Spiegel Dergisi Almanya'da neredeyse her politikacı ve yönetici tarafından okunduğuna göre bu dergiden verilen mesajın önemi de büyük. Aralarında Rum Kirli Propagandası'nın etkisi altında olan birçok politikacı belki de ilk defa KKTC Başbakanı'nın görüşlerini, hem güvendikleri bir dergide hem de Almanca okuma ve şimdiye kadar duymadıkları Kuzey Kıbrıs gerçeğini birinci ağızdan duyma şansına sahip oluyorlar bu hafta. Gördüğünüz gibi hükümetin açılım politikası her geçen gün daha fazla etkili olmakta. Hem hükümet tarafının, hem de muhalefet kesiminin Almanya başta olmak üzere AB ülkelerine yönelik olarak attıkları adımlar çok önemli. Önümüzdeki yıl Berlin'de, Göttingen'de ve başka Almanya kentlerinde Alman kamuoyu Kuzey Kıbrıslılardan gerçekleri dinleme olanağı bulacaklar. UBP Parti Kurultayı'nda şimdiye kadarki başkan Tahsin Ertuğuruloğlu'ndan görevi devralan Derviş Eroğlu'nun da başlatılan ilişkilerin devam edeceğini söylediğinde sevindim. Çünkü sadece hükümetin, CTP'nin değil, UBP'nin de geliştirmiş olduğu ilişkilerin devamı çok yararlı olacak. Bunun yanı sıra ÖRP'nin, DP'nin ve TDP'nin Almanya'daki potansiyel kardeş partileri ile bağlantılar kurdukları bir Almanya ve Kuzey Kıbrıs yılı olabilir 2009!

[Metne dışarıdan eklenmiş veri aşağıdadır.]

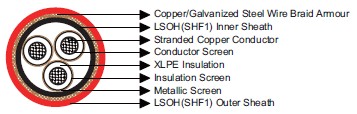 IEC 60092 offshore and marine cable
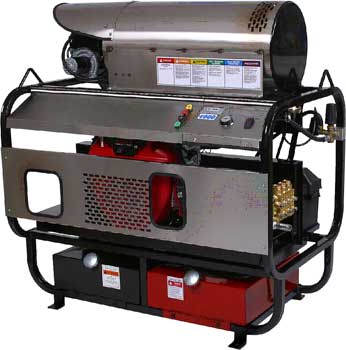 Super Skid Series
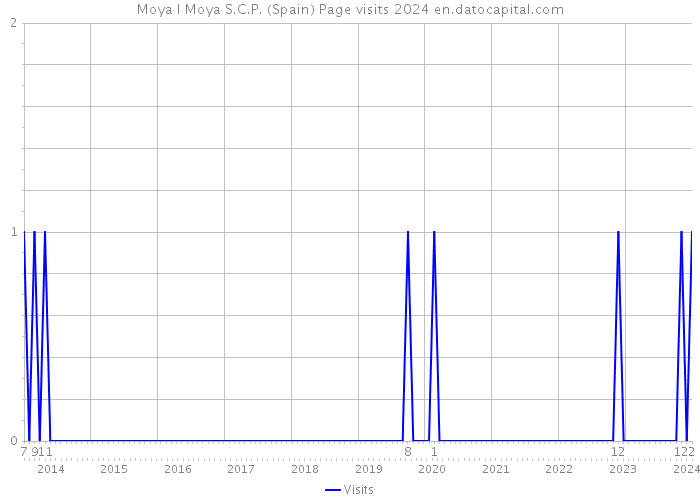 Moya I Moya S.C.P. (Spain) Page visits 2024 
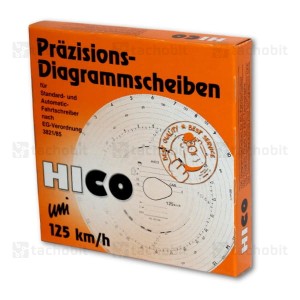 Hico 125 km/h Uni tarcze tacho 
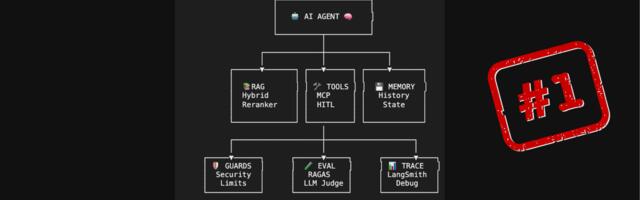 Production-ready архитектура AI-агента. Часть 1: ReAct, Advanced RAG, Tools, Prompts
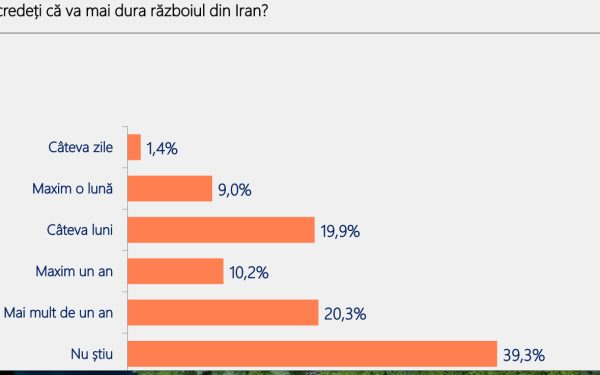 România, pe un drum greșit: 70% dintre români cer schimbare radicală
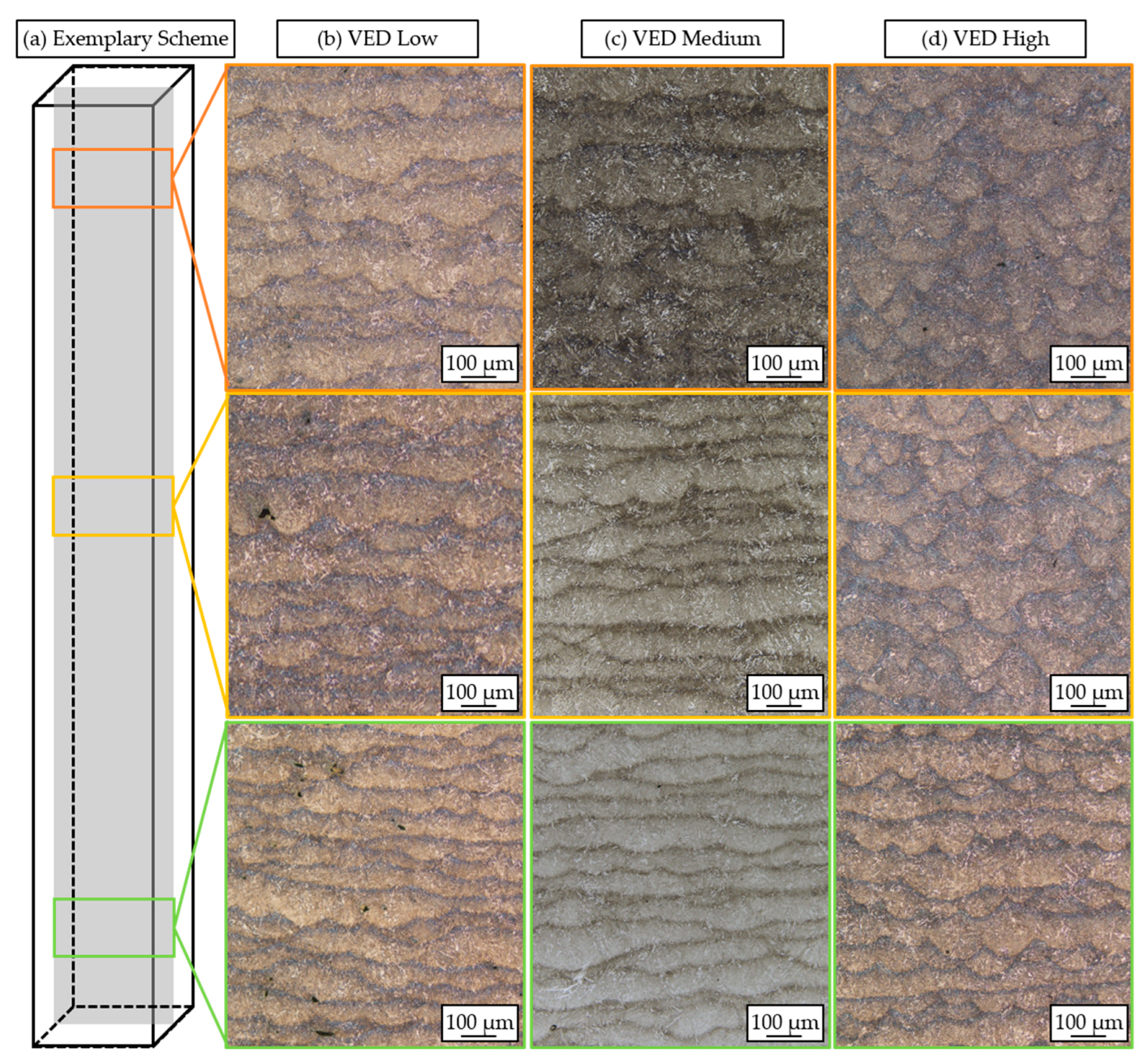 Alloys 02 00013 g007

İşte size benden star KIBRIS okurlarına bir hediye olarak Spiegel Dergisi'nde Başbakan Soyer ile yapılan röportajın çevirisi:
- Spiegel: Oldukça kısa bir süre içinde bir kaç aydır Kuzey ve Güney Kıbrıs Devlet Başkanları on defa bir araya gelerek parçalanmış adanın geleceğini görüştüler. Hangi alanlarda ilerleme kaydettiler?
Soyer: Bizim hedefimiz 2009 yılının Haziran ayında Birleşik Kıbrıs'ta Avrupa Parlamentosu Seçimi'ni gerçekleştirmekti. Ancak her şey çok yavaş ilerlemekte. Korkarım bu amaca ulaşamayacağız. Son zamanlarda ilerleme değil zorluklar görmekteyiz.
Spiegel: En son geçen Çarşamba Günü gündeme gelen buluşmada yoğun bir tartışma yaşanmış.
Soyer: Kuzey’deki bizler iki eşit ülkeden (federal eyalet) oluşan bir devleti gerçekleştirmek istiyoruz. Amacımız federal bir model Almanya örneğinde olduğu gibi. Ancak Güney’deki Rumlar bizim eşit haklara sahip olmamızı kabul etmiyorlar.
Spiegel: Rum Tarafı Türk Ordusu'nun adayı terk etmekte geciktiğini ve hatta Kuzey’de her zaman duracak bir ordunun geriye kalacağını iddia ediyor (OC: Gazeteci soruyu bu şekilde formüle ediyor). Türkiye de bir garantör olarak etkisini sürdürmek istiyor.
Soyer: Bu bir Rum Propagandası. Türk Ordusu'nun tüm olanlardan sorumlu olduğu kesinlikle doğru değil. Biz Rumların tersine 2004 Nisan'ında o zamanki BM Genel Sekreteri Kofi Annan'ın Çözüm Planı'nı kabul ettik. Hala da arkasındayız.
Spiegel: Rumlara göre Annan Planı Türkiye'nin çıkarınaymış.
Soyer: Bu doğru değil. Halkımızın beşte birini oluşturan 55 bin Kıbrıslı Türkün yaşadıkları yerlerden göçünü kabul ettik. Eşit haklara kavuşmak için toprak vermeye hazırdık. Ancak karşı taraf da kurban vermeye hazır olmalı.
Spiegel: Bir anlaşama sizce ne zaman gerçekleşir?
Soyer: Hala gelecek yıl bir çözüm olmasını dilemekteyiz. Ancak Rumlar zaman kazanmaya oynuyorlar. Bu nedenle Kuzey Kıbrıslılar olarak tüm Avrupalıları bize uygulanan izolasyona son vermeye çağırıyoruz. Kıbrıs yarası artık iyileşmeli!'
Bu röportajda da açık bir şekilde ortaya çıktığı gibi tüm Alman kamuoyu da görmeli, çözüm isteyen taraf Kıbrıslı Türkler, adil bir çözümü istemeyenler de Güney’de!